Understanding the sandboxed execution
The code execution is sandboxed — the model can't import arbitrary modules by default. You control what's available:
agent = CodeAgent(
tools=[],
model=model,
additional_authorized_imports=["pandas", "numpy", "json"],
)
This is a security consideration worth thinking about. If you're running smolagents in a web application, be deliberate about what the model can import. The default allowlist is conservative.
smolagents vs LangChain/LangGraph
The comparison that comes up most often: why use smolagents when LangChain exists?
LangChain's strength is its ecosystem — hundreds of integrations, extensive documentation, and tooling built around it. Its weakness is complexity. A simple agent in LangChain involves chains, prompts, output parsers, callbacks, and memory objects. There's a lot of framework between you and the thing that's actually running.

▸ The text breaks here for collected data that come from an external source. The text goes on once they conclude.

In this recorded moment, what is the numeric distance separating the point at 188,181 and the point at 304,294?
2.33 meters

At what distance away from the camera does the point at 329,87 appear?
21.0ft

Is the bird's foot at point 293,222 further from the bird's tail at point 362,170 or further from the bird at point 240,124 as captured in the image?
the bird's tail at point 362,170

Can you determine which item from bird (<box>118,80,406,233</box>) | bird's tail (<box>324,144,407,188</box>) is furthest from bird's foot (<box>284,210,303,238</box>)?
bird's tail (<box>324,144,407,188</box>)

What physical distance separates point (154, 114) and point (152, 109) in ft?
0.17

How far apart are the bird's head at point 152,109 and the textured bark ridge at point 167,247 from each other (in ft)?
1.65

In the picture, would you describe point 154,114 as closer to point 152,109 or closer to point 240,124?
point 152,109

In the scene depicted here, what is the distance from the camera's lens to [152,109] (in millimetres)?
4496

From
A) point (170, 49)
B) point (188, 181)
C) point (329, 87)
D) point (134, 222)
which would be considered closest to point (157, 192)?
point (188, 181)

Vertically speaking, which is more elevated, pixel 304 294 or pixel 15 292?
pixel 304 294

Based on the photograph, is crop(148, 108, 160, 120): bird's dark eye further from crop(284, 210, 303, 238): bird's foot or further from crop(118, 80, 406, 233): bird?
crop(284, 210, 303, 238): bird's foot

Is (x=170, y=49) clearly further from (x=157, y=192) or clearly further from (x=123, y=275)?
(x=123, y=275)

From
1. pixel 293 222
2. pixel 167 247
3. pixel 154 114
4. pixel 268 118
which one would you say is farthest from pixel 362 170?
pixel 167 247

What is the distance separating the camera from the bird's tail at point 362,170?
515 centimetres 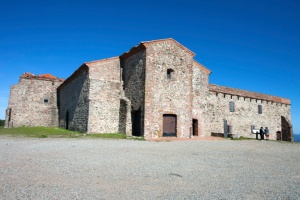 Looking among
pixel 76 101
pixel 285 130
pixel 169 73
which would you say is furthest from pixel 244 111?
pixel 76 101

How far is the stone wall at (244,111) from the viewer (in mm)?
24422

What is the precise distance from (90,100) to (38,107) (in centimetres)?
A: 1609

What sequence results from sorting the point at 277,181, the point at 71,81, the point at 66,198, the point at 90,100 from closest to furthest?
1. the point at 66,198
2. the point at 277,181
3. the point at 90,100
4. the point at 71,81

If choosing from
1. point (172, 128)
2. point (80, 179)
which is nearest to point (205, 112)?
point (172, 128)

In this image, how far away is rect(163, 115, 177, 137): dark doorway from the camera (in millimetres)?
17750

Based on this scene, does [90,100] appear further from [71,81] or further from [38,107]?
[38,107]

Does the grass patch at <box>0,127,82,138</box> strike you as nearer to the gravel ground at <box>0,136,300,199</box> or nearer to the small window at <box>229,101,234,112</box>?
the gravel ground at <box>0,136,300,199</box>

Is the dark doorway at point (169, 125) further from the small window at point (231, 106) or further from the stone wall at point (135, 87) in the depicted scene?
the small window at point (231, 106)

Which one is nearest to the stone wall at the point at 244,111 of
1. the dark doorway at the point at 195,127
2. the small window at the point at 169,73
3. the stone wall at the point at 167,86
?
the dark doorway at the point at 195,127

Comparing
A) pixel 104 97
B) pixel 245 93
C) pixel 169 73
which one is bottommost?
pixel 104 97

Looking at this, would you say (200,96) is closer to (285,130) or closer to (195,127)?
(195,127)

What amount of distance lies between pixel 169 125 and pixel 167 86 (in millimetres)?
3256

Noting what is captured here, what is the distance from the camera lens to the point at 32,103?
98.1ft

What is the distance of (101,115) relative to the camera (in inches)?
723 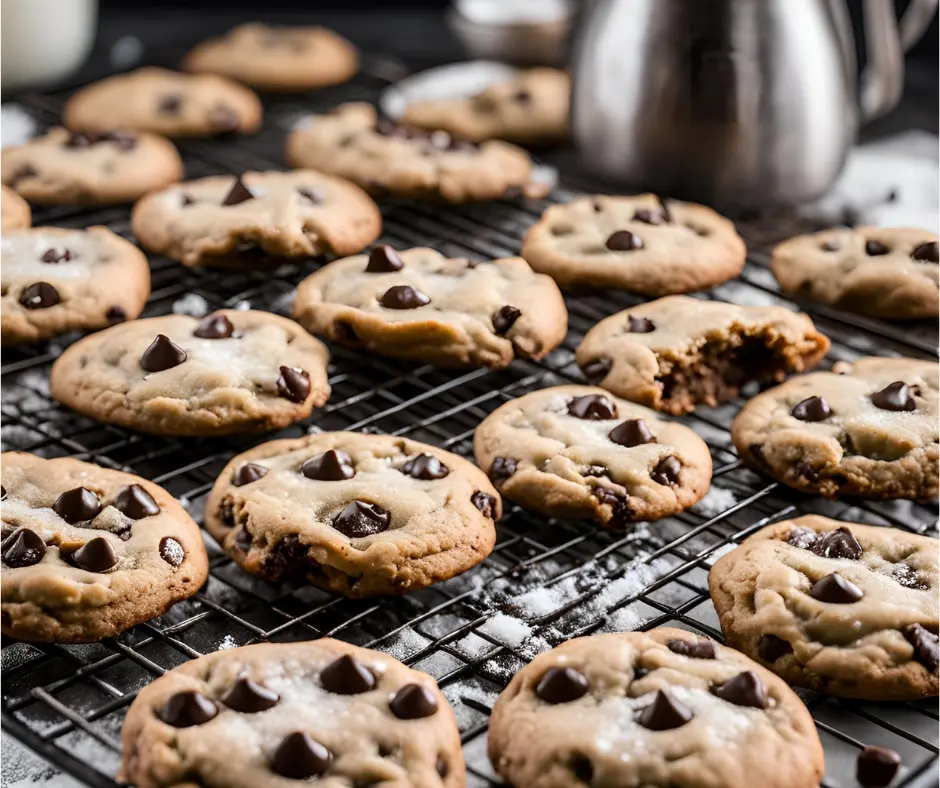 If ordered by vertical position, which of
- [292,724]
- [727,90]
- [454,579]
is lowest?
[454,579]

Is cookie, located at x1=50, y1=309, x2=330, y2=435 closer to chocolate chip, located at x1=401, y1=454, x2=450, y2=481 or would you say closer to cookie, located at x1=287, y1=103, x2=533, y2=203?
chocolate chip, located at x1=401, y1=454, x2=450, y2=481

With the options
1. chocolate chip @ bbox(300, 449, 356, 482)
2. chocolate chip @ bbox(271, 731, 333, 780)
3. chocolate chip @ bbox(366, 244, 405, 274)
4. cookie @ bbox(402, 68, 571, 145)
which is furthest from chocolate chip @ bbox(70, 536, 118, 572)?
cookie @ bbox(402, 68, 571, 145)

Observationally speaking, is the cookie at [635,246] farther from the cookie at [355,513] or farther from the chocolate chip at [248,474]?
the chocolate chip at [248,474]

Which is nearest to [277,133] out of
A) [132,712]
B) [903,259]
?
[903,259]

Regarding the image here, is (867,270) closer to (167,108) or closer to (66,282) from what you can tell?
(66,282)

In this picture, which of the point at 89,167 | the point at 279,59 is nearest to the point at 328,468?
the point at 89,167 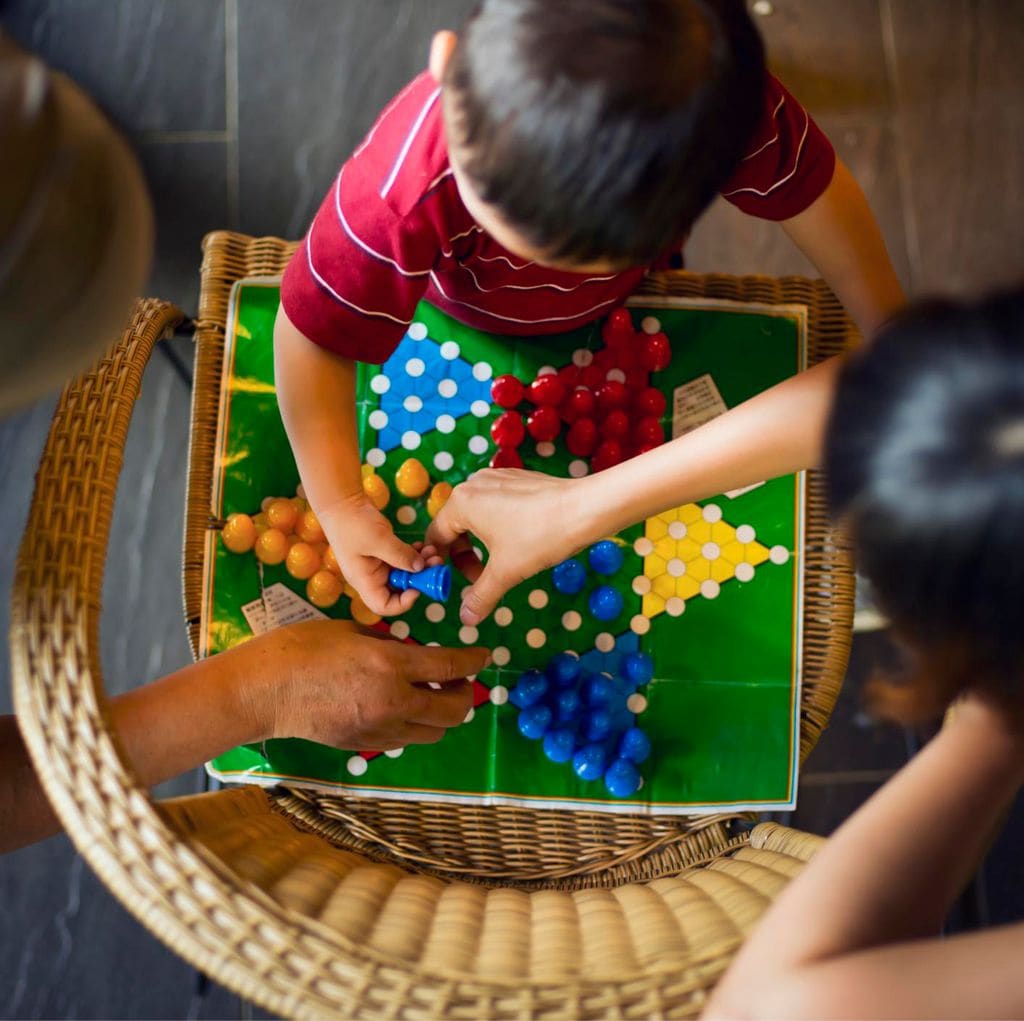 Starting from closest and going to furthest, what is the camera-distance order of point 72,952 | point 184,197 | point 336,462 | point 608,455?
point 336,462
point 608,455
point 72,952
point 184,197

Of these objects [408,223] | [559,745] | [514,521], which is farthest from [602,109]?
[559,745]

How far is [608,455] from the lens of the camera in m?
0.91

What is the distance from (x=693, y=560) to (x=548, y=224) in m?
0.42

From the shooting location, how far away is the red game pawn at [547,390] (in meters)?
0.90

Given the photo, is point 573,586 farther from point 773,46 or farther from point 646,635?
point 773,46

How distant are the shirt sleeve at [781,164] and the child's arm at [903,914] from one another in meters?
0.43

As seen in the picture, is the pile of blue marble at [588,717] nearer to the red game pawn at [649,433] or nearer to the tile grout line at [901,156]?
the red game pawn at [649,433]

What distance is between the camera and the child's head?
43 centimetres

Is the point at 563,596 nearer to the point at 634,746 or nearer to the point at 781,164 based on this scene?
the point at 634,746

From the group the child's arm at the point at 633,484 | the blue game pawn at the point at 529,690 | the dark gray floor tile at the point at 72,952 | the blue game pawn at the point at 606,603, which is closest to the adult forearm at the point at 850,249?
the child's arm at the point at 633,484

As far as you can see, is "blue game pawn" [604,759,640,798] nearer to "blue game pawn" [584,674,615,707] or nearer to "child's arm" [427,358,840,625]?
"blue game pawn" [584,674,615,707]

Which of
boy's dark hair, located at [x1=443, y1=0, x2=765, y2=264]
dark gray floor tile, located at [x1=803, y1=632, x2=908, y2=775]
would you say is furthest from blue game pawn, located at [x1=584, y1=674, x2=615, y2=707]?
dark gray floor tile, located at [x1=803, y1=632, x2=908, y2=775]

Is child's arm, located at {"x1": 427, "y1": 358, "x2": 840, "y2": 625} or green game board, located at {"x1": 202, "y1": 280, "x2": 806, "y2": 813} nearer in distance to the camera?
child's arm, located at {"x1": 427, "y1": 358, "x2": 840, "y2": 625}

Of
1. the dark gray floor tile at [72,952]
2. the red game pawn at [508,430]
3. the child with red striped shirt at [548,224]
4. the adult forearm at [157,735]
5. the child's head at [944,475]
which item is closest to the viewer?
the child's head at [944,475] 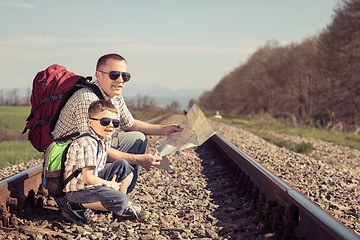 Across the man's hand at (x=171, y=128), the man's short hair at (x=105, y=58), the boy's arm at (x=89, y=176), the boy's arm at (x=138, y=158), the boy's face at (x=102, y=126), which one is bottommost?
the boy's arm at (x=89, y=176)

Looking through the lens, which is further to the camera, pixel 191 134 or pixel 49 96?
pixel 191 134

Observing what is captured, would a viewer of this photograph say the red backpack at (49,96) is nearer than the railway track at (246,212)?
No

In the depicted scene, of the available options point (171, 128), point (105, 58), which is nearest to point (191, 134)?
point (171, 128)

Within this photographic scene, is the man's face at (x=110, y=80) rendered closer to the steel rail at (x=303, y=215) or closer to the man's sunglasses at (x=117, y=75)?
the man's sunglasses at (x=117, y=75)

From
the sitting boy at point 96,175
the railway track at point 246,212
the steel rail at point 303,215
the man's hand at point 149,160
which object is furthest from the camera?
the man's hand at point 149,160

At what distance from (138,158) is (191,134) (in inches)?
20.8

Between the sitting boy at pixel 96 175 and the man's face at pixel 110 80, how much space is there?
0.35 metres

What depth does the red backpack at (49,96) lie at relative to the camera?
3.48m

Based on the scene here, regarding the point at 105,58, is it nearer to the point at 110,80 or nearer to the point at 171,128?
the point at 110,80

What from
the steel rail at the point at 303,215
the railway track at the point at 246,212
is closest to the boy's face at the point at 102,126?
the railway track at the point at 246,212

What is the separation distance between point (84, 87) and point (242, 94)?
47662 mm

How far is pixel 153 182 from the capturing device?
17.8 feet

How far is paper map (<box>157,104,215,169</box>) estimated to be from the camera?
137 inches

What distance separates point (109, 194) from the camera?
343 centimetres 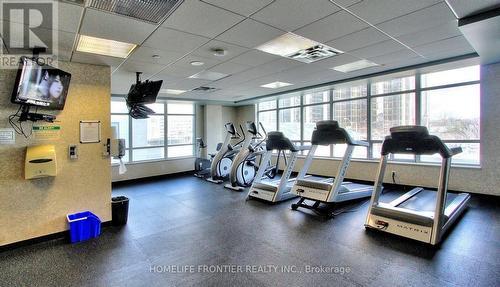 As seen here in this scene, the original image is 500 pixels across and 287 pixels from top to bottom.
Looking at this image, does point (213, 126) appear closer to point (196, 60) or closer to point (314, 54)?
point (196, 60)

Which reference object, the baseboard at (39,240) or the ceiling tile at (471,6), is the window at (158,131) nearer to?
the baseboard at (39,240)

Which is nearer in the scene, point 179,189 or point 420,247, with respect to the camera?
point 420,247

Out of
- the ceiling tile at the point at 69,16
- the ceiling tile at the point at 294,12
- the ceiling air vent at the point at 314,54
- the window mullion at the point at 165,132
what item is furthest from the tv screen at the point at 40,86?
the window mullion at the point at 165,132

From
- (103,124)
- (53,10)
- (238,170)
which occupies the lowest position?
(238,170)

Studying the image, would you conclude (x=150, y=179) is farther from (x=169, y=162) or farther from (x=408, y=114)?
(x=408, y=114)

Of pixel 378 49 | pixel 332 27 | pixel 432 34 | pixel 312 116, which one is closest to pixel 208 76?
pixel 332 27

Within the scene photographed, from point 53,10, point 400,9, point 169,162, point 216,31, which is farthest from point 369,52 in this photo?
point 169,162

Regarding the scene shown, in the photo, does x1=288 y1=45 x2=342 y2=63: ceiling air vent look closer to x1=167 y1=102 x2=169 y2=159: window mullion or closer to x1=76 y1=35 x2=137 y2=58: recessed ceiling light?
x1=76 y1=35 x2=137 y2=58: recessed ceiling light

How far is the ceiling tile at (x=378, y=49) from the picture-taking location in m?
3.65

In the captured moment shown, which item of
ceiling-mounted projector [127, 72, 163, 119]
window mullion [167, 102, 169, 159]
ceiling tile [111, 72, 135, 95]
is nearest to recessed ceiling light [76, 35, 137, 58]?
ceiling-mounted projector [127, 72, 163, 119]

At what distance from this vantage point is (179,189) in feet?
21.7

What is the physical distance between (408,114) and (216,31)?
527cm

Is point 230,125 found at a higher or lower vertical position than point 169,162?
higher

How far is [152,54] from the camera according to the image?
380 cm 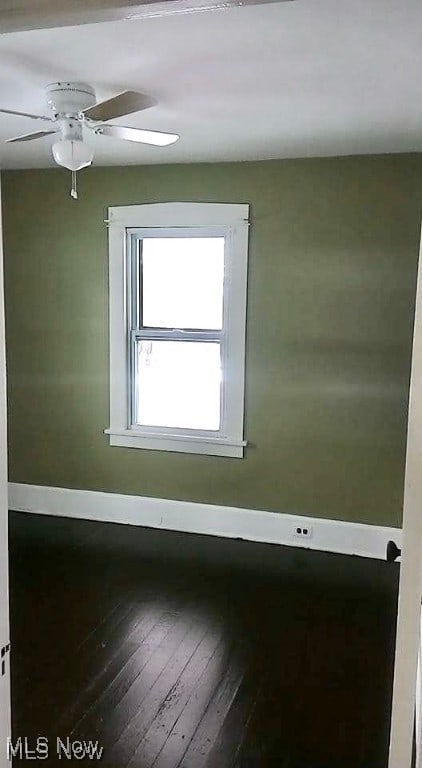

smolagents removes most of that. There's no chain concept, no complex memory management, no output parsers. The tool is a Python function with a docstring. The agent is CodeAgent(tools=..., model=...). If it breaks, you can read the source code to understand why.
LangGraph adds a state graph on top of LangChain, which is valuable for production workflows with complex branching. smolagents doesn't have an equivalent — it's not trying to compete on that dimension. For tasks that need stateful graphs with checkpointing and conditional routing, use LangGraph. For everything else, smolagents is often faster to work with.
The function calling lesson covers how the standard tool-calling pattern works underneath both frameworks — understanding that makes it clearer when the CodeAgent approach is an advantage.
When to use smolagents
Good fit:
- Prototypes and research experiments where you want results today
- Tasks involving data processing, calculation, or file manipulation where Python code is natural
- Working with local or open-source models
- Teams that value readable, debuggable code over extensive abstraction
- One-shot or few-shot tasks that don't require persistent state across sessions
Not a good fit:
- Production systems that need checkpointing, retry logic, and fault tolerance
- Complex multi-agent orchestration with dependency graphs between agents
- Long-running workflows that span multiple sessions
- Teams that need the extensive integrations LangChain provides
My workflow: I prototype with smolagents, understand the shape of the problem, then decide if it needs to move to LangGraph for production. Often it doesn't. The prototype turns out to be good enough, and the simplicity of smolagents becomes an asset rather than a limitation.
The HuggingFace team keeps iterating on it quickly — it's one of the faster-moving libraries in the space right now. Worth keeping an eye on.